Web page caption snippets:
+ + + + +
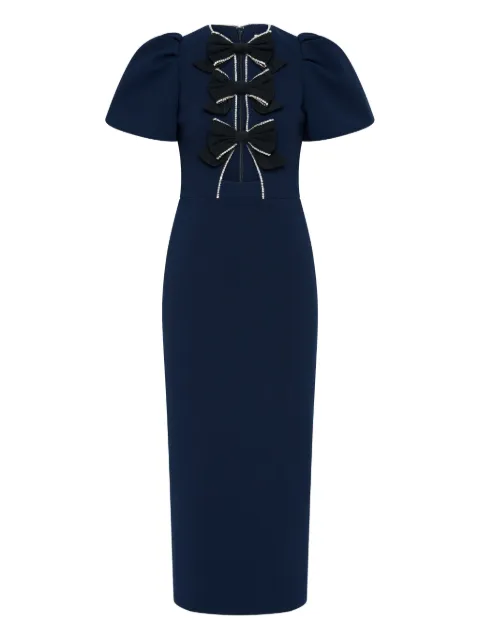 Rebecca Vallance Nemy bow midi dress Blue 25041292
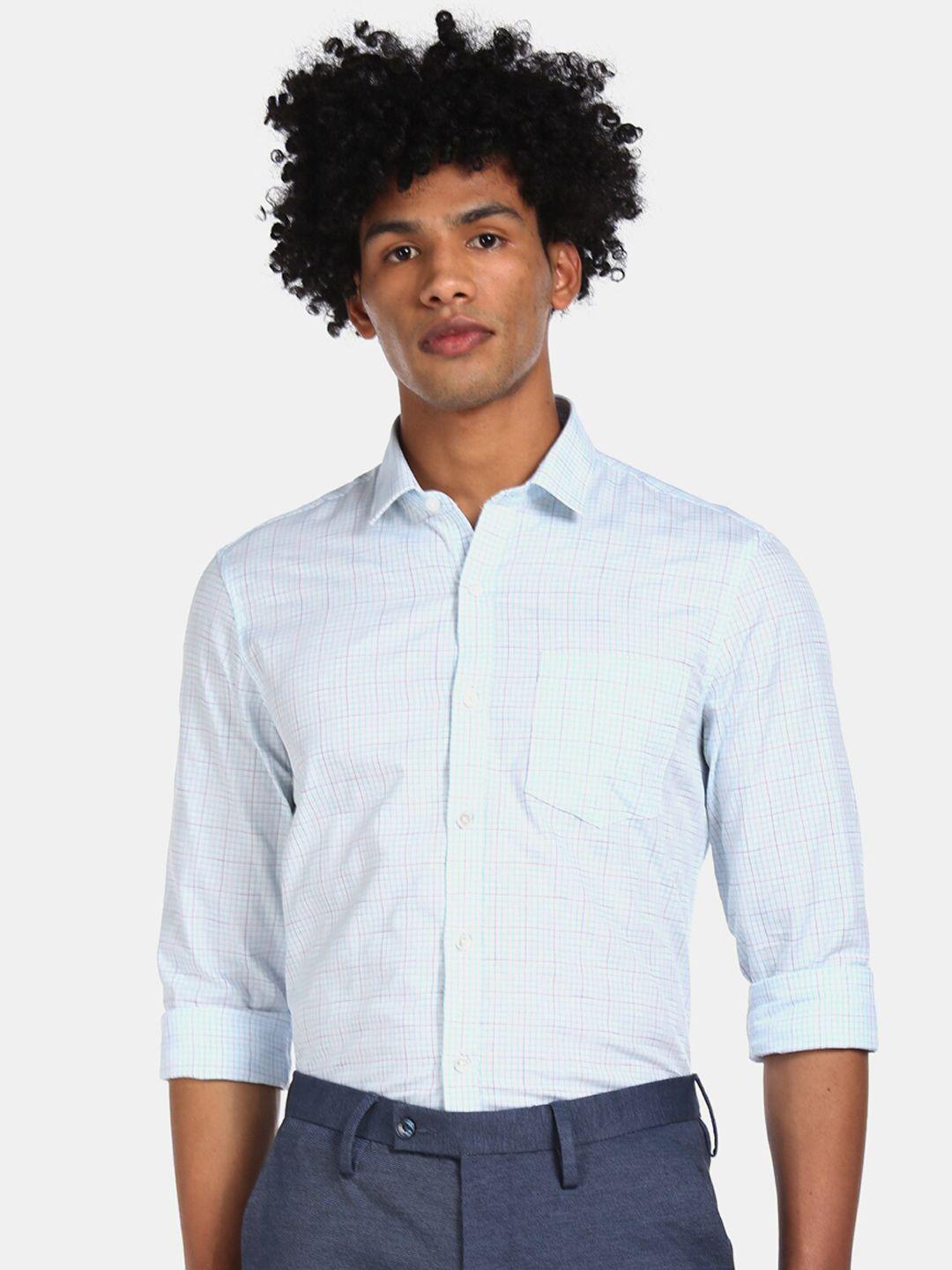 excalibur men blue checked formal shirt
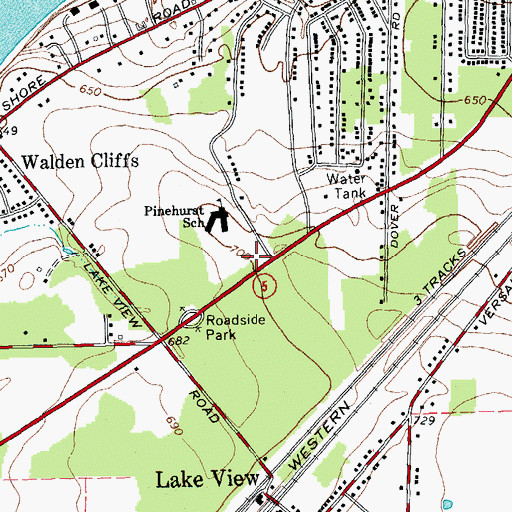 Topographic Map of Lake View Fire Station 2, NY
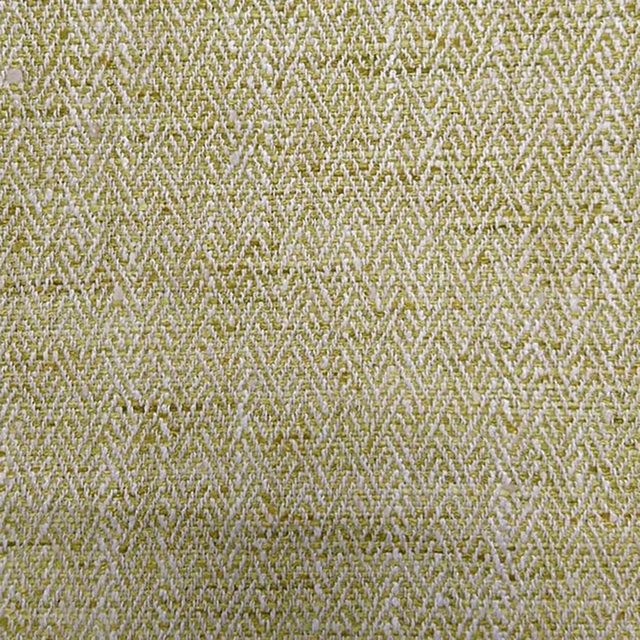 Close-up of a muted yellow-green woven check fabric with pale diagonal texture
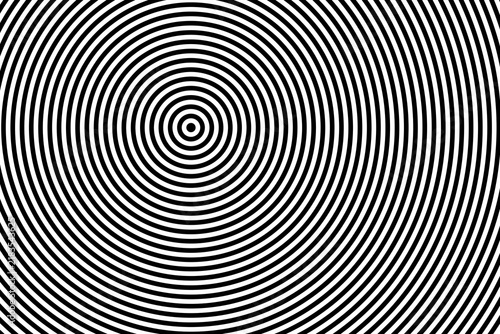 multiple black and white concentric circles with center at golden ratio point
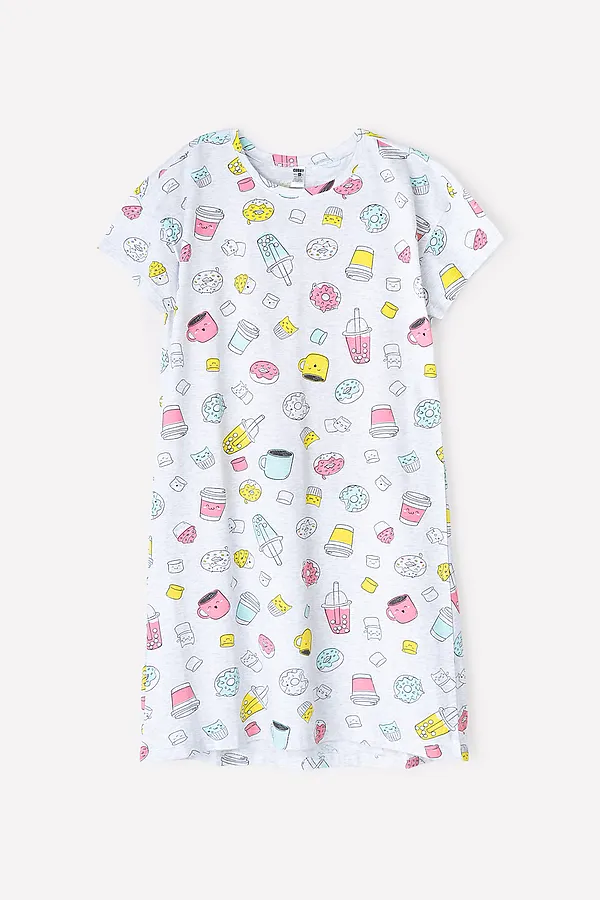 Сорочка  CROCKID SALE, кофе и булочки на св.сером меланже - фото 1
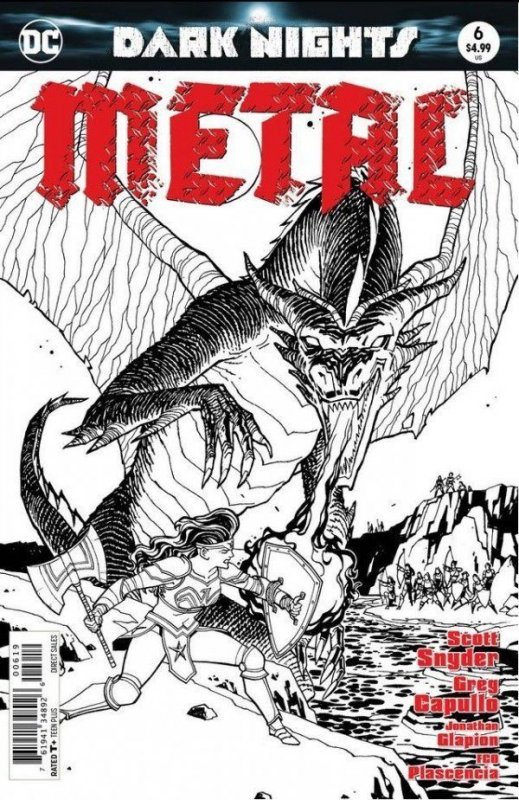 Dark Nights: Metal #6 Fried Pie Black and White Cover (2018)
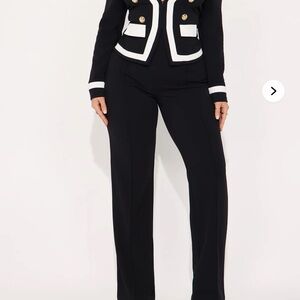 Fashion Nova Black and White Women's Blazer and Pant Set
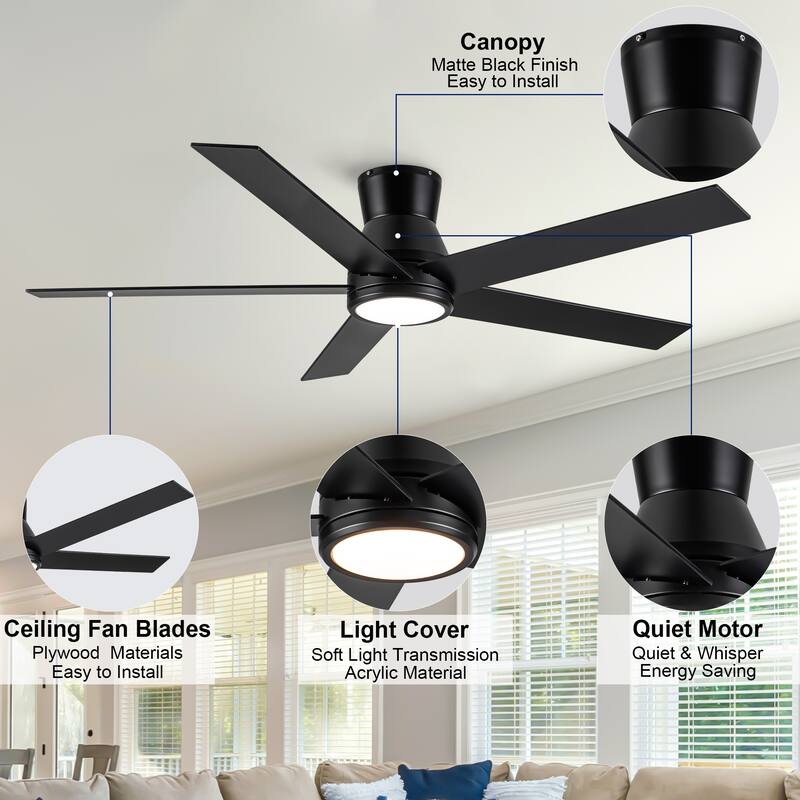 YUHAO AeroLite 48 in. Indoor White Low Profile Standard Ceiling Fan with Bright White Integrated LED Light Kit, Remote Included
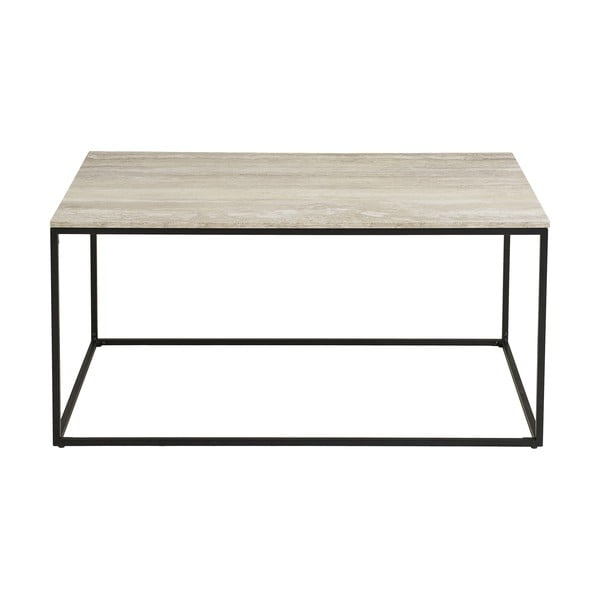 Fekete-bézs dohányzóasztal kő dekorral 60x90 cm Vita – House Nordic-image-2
+ + + + +
▸ WORK ORDER: An exact reproduction of the data is required, with pictures excluded.

▸ SOLUTION FOR THIS PROBLEM:
 Rebecca Vallance Nemy bow midi dress Blue 25041292
 excalibur men blue checked formal shirt
 Topographic Map of Lake View Fire Station 2, NY
 Close-up of a muted yellow-green woven check fabric with pale diagonal texture
 multiple black and white concentric circles with center at golden ratio point
 Сорочка  CROCKID SALE, кофе и булочки на св.сером меланже - фото 1
 Dark Nights: Metal #6 Fried Pie Black and White Cover (2018)
 Fashion Nova Black and White Women's Blazer and Pant Set
 YUHAO AeroLite 48 in. Indoor White Low Profile Standard Ceiling Fan with Bright White Integrated LED Light Kit, Remote Included
 Fekete-bézs dohányzóasztal kő dekorral 60x90 cm Vita – House Nordic-image-2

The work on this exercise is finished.